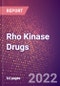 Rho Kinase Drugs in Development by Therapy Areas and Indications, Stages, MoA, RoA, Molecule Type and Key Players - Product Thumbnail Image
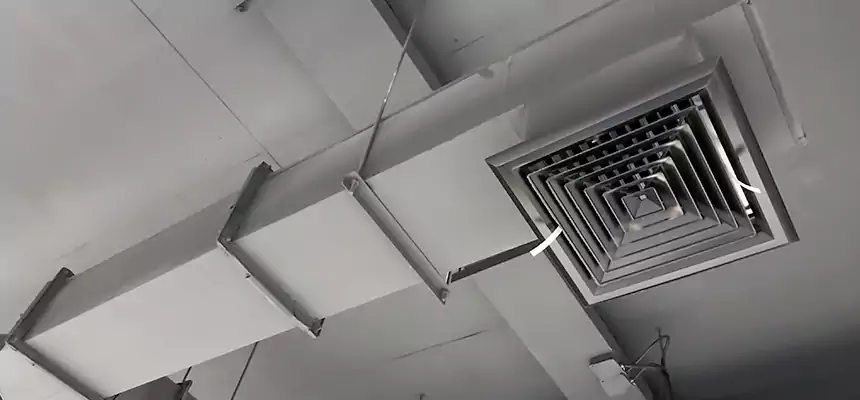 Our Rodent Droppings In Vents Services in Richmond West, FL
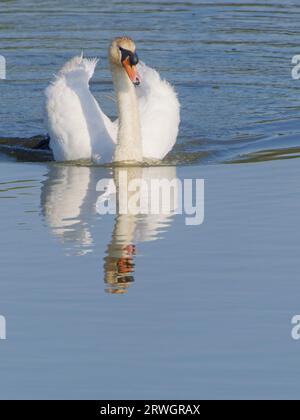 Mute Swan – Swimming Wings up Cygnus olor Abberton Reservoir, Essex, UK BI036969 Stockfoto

--

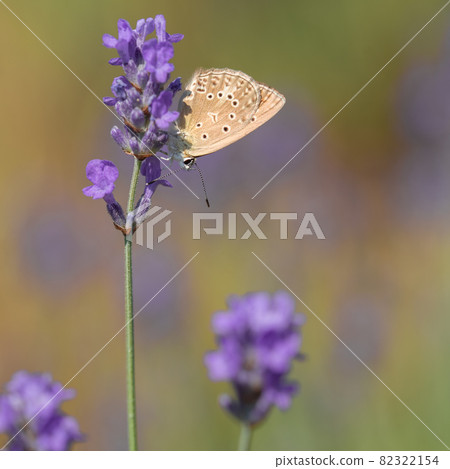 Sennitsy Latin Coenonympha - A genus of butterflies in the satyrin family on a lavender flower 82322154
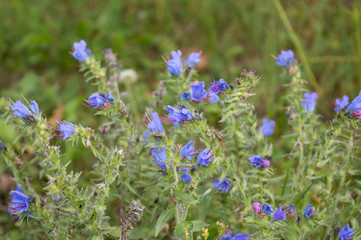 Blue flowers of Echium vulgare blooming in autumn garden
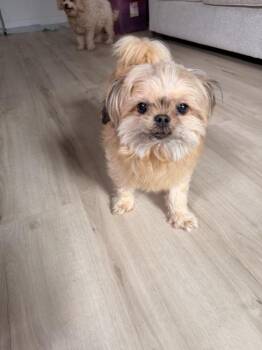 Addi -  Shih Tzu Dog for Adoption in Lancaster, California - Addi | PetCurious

DIRECTIONS
Up in the listing, locate the line with "Rho Kinase Drugs"; print it and every line after it down to the line with "Mute Swan –", which is included too. Skip the pictures.

RESPONSE AREA
 Rho Kinase Drugs in Development by Therapy Areas and Indications, Stages, MoA, RoA, Molecule Type and Key Players - Product Thumbnail Image
 Our Rodent Droppings In Vents Services in Richmond West, FL
 Mute Swan – Swimming Wings up Cygnus olor Abberton Reservoir, Essex, UK BI036969 Stockfoto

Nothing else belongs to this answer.